Os Governos de Portugal e Espanha, junto de muitos amigos e intelectuais, deram hoje um emocionado adeus a José Saramago, cujo corpo foi cremado enquanto sua esposa, Pilar del Río, pedia que só chorem os que não o conheceram.
O primeiro-ministro luso, o socialista José Sócrates, e a vice-presidente do Governo espanhol, María Teresa Fernández de la Vega, lideraram o grupo de autoridades presentes nas honras fúnebres.
Diante do caixão do Nobel, que viu desfilar milhares de pessoas desde o sábado à tarde quando começou o velório na Prefeitura de Lisboa – pela primeira vez -, o prefeito da cidade e grande admirador do escritor, Antonio Costa, pronunciou um sentido “obrigado José Saramago” para agradecer sua marca humana e literária.

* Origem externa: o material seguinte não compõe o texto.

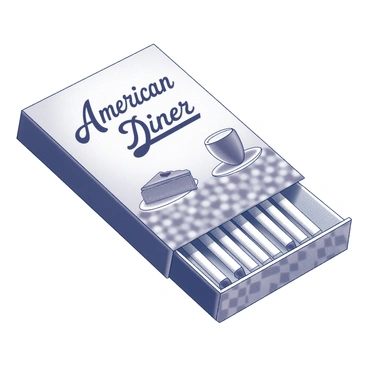 A vintage matchbook with a classic rectangular shape, featuring a glossy cover. The front displays "American Diner" in bold, retro typography at the top, along with decorative graphics reminiscent of the 1950s diner culture, such as a stylized coffee cup and a slice of pie. The background is adorned with subtle checkered patterns, typical of diner interiors. The spine of the matchbook is slightly visible, holding several matchsticks inside. The overall design conveys a nostalgic feel, evoking memories of diners from a bygone era.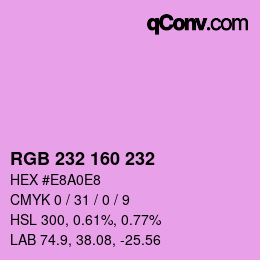 Color code: RGB 232 160 232 | qconv.com
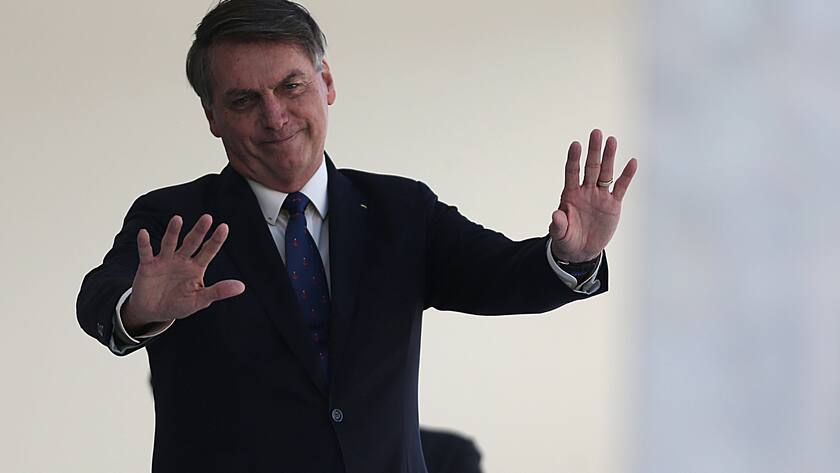 Jair Bolsonaro, Präsident von Brasilien, an seinem Regierungssitz Palacio do Planalto in der Hauptstadt Brasília im April 2020.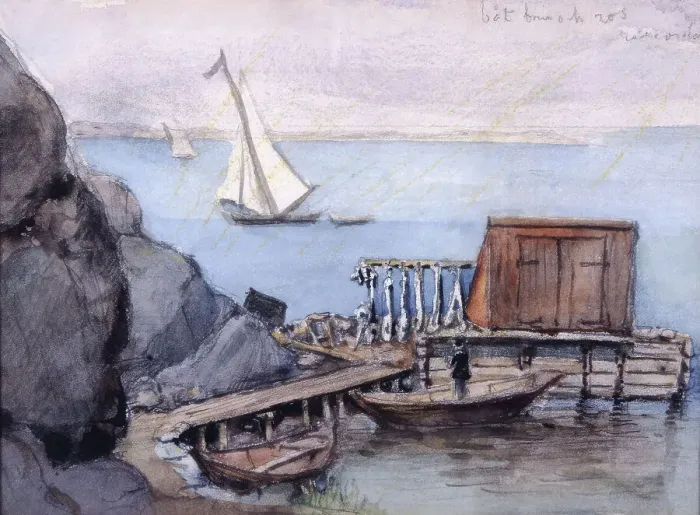 Framed Print : Dock with shed, boats. (c1860s). Creator: Fritz von Dardel Framed Print : Dock with shed, boats. (c1860s). Creator: Fritz von Dardel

Para a governante espanhola, que discursou durante o ato, o escritor soube “fazer soar as cordas da alma”. E as páginas de ilusões, sonhos e compromissos que escreveu fazem parte dos tesouros de uma cultura universal, que fica órfã de sua voz “muito humana e digna”.
Enquanto centenas de pessoas acompanham a cerimônia por um telão instalado na fachada da Prefeitura, o ensaísta Carlos Reis, o secretário-geral do Partido Comunista Português, Jerónimo de Sousa, e a ministra da Cultura lusa, Gabriela Canavilhas, evocaram ao “mestre e amigo Saramago”.
Sua mulher, Pilar del Río, a filha e os netos do escritor, assistiam emocionados a cerimônia, que concluiu com a interpretação de uma peça de Bach ao violoncelo.
Quem executou a música foi a concertista Irene Lima, vestida com a roupa vermelha usada por Pilar del Río quando Saramago recebeu o Nobel e no qual ele mesmo escreveu à mão a frase: “quero estar onde esteja minha sombra se é aí onde estarão teus olhos”.
Ao término da cerimônia, os presentes, entre eles inúmeros intelectuais e amigos do escritor, expressaram suas condolências à família e Pilar del Río saiu ao balcão da Prefeitura para saudar os lisboetas presentes.
Jerónimo de Sousa, em nome do Partido Comunista no qual militou Saramago até a morte, expressou o luto de “todo o povo ao que amou e foi fiel” e ressaltou que o Nobel não se limitou a narrar e participou ativamente em muitas das causas que defendeu.
A ministra Canavilhas ressaltou, como os outros oradores, a força que apresentou Pilar del Río à vida e a obra de um autor com uma destacada colaboração à “afirmação e difusão da língua e a literatura portuguesa e lusófona”.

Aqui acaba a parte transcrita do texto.